International News

EU expat mounts campaign for Brexit rights

LONDON, (MILLAT+APP/AFP) – The Frenchman behind one
of several grassroots campaigns for the post-Brexit rights of the three million citizens of other EU countries living in Britain remembers the referendum as a “nightmare”.
“Like many, I was convinced that we would win,” 46-year-old Nicolas
Hatton, who settled in Britain 21 years ago and is married to a British woman.
Hatton’s reaction to the result of a vote in which he, like other
Europeans living in Britain, was not allowed take part was “as if a relative had died”.
The former marketing manager decided to take action.
He founded “The3Million”, a pressure group for non-British EU
nationals that now counts 7,000 members on its Facebook group and is planning a protest next month as Britain prepares to leave the EU.
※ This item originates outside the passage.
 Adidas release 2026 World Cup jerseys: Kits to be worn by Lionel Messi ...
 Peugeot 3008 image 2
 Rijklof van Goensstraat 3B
At the group’s first meeting in Bristol, the city in western England
where Hatton lives, he said 200 people came “with plenty of questions on how we were going to live in a country that no longer wants us”.
“We are not bargaining chips, we are people,” reads a slogan on the
group’s website — a reference to a comment by a government minister who said EU expats were “one of our main cards” in Brexit negotiations.
Prime Minister Theresa May has said that she would like to give
guarantees on the status of EU citizens in Britain but that that will depend on a reciprocal deal for the estimated 1.2 million Britons living elsewhere in the European Union.